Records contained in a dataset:
= Beginning of Section =

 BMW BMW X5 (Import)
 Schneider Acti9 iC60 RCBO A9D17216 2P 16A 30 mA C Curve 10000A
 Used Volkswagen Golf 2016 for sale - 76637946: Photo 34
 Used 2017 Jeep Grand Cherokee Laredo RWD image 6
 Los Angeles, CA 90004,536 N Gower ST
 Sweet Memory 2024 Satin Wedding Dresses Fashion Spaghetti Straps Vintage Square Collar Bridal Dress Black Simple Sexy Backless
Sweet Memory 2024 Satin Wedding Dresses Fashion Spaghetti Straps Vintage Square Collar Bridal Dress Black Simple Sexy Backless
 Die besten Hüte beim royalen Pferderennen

= End of Section =

## Problem to solve
Beginning with the line that contains "Used Volkswagen Golf", each line of the records above through the last one must be printed word for word.

## Reply to the task
 Used Volkswagen Golf 2016 for sale - 76637946: Photo 34
 Used 2017 Jeep Grand Cherokee Laredo RWD image 6
 Los Angeles, CA 90004,536 N Gower ST
 Sweet Memory 2024 Satin Wedding Dresses Fashion Spaghetti Straps Vintage Square Collar Bridal Dress Black Simple Sexy Backless
Sweet Memory 2024 Satin Wedding Dresses Fashion Spaghetti Straps Vintage Square Collar Bridal Dress Black Simple Sexy Backless
 Die besten Hüte beim royalen Pferderennen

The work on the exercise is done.